MEMPHIS, Tenn. (WMC) - On Monday, the largest school district in Tennessee will start their school year completely virtual. Shelby County Schools will work through the weekend getting laptops or tablets to all 95,000 students.
Teachers said prep for the first day of virtual learning took a lot more time than a normal year of teaching. As we go into the last weekend of summer for more than 95,000 students, it’s a whole community effort to get Shelby County Schools going with all virtual learning without a hitch.
Several more people will be reporting to the Shelby County government buildings in Downtown Memphis and off Mullins Station Road come Monday.
“It will feel like a classroom,” Shelby County Mayor Lee Harris said. “We are really excited for the prospect of kids to continue their learning even in this very, very unique year.”
Shelby County Government is setting up its Virtual Learning Academies- spaces where county employees can send their elementary school children to be supervised while doing their virtual learning.
Mayor Harris said it won’t support all the need, and he’s urging the whole community to step up.
“We’re going to do our part to meet some of that need, but we’re not going to close that gap alone,” Mayor Harris said. “We’re recommending every organization that has some capacity set up these kinds of academies.”
To help support those organizations that are already setting up similar spaces, the Shelby County government has donated $1 million in CARES funding to the YMCA.
The SCG Virtual Academy has dividers, socially distant desks, and teacher support.
From the county mayor’s office to the classroom, thousands of people in Shelby County are using the weekend before school starts to finish their last-minute preparations.
“Us teachers have been working tirelessly not only on Microsoft Teams, the platform we’ll be using, but also getting all our curriculum to be digitally accessible,” Hickory Ridge Elementary second grade teacher Ciara Slade-Trejo said.
Officials at Hickory Ridge Elementary School know more than 70 percent of students have received their digital devices.
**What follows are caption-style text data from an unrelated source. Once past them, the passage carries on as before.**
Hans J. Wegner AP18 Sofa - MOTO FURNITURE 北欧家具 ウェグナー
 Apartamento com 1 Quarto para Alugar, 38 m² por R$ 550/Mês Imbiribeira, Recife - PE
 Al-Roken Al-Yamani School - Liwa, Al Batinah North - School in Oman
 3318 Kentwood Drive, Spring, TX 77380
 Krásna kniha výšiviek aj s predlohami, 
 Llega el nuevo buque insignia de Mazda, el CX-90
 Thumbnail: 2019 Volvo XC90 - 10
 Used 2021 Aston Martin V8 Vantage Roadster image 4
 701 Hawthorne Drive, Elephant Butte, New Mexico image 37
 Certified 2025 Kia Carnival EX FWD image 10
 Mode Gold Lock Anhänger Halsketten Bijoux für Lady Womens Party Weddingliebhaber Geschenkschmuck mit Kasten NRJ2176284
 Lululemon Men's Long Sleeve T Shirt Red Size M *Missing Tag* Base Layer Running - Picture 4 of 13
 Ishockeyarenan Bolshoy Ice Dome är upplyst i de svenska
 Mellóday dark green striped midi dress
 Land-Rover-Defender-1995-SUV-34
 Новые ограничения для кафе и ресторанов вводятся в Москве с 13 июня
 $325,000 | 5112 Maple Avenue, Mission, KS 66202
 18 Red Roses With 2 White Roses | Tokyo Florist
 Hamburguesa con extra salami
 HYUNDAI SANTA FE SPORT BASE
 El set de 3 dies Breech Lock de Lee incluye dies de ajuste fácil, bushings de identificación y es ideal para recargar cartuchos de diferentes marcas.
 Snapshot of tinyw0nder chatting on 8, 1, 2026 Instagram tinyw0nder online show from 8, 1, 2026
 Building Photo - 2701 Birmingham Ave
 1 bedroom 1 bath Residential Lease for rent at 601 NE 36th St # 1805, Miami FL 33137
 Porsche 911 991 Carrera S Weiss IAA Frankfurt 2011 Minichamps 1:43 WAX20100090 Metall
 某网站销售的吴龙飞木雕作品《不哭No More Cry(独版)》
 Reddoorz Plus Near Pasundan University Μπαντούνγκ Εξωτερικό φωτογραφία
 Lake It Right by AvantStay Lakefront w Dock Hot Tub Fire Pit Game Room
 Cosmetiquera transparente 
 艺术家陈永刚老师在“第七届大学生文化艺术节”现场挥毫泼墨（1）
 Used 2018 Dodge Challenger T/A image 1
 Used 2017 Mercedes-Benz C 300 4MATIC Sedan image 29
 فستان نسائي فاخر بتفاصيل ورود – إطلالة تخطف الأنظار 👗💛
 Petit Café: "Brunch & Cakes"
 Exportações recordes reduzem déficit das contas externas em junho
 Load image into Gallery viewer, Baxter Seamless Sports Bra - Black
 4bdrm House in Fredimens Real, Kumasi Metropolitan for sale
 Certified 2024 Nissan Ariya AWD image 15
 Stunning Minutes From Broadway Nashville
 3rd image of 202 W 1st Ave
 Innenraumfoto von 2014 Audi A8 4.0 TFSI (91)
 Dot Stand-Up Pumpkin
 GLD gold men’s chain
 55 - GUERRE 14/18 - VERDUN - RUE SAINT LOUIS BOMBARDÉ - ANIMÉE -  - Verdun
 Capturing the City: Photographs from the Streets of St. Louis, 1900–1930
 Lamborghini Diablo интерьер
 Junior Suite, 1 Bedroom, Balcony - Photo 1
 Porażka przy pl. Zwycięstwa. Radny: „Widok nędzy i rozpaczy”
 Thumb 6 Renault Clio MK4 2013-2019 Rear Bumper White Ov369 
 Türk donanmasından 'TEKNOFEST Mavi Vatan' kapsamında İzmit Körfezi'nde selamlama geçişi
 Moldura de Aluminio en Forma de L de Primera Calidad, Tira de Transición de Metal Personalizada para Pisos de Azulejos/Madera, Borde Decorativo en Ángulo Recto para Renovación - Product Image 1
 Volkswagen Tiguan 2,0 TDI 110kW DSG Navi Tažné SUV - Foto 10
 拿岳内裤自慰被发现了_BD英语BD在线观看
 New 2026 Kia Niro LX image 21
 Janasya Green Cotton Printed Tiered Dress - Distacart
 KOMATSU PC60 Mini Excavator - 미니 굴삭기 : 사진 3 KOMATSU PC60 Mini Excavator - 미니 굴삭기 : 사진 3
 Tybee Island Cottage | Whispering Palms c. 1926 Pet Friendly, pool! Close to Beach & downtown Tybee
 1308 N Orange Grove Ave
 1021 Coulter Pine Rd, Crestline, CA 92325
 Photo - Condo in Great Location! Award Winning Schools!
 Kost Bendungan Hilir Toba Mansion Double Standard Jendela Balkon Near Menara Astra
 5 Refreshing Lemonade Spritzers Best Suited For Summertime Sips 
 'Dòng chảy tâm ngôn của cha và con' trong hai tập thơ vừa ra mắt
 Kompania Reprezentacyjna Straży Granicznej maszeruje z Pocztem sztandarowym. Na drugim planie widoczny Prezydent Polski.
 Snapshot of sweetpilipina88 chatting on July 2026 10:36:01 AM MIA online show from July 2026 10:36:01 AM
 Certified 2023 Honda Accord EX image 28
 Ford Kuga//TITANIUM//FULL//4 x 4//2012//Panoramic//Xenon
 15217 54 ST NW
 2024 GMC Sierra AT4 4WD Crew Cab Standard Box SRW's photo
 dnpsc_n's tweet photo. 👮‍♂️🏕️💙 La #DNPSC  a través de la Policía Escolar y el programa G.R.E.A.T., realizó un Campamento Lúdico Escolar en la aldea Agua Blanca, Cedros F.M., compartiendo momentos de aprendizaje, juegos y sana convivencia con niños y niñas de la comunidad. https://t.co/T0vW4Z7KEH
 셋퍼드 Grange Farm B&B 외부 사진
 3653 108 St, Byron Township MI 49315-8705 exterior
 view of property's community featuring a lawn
Principals across the district will be making calls all weekend to remind those families who have not picked up the devices yet to do so.
Slade-Trejo said this school year everyone will be learning.
“It’s been a lot of long days, but it’s been satisfying to be on the learning end,” Slade-Trejo said.
Along with a late device pick-up, other factors may keep students from being able to log on the first day including MLGW outages and cut-offs. SCS is emphasizing its new absence code because of a disconnection or power outage.
Throughout this process, teachers have said grace is the motto for this year. While they hope they’ll be shown grace as they learn the ropes, they’ll also be showing grace to their students.
SCS human resources department is also using every day leading up to the start of school to fill instructional vacancies. The department said there were more than 5,800 instructional openings at the beginning of the summer, and 99 percent of those have been filled.
Human resource officials said every child will have a teacher on their first day. Current vacancies will be filled by certified substitute teachers.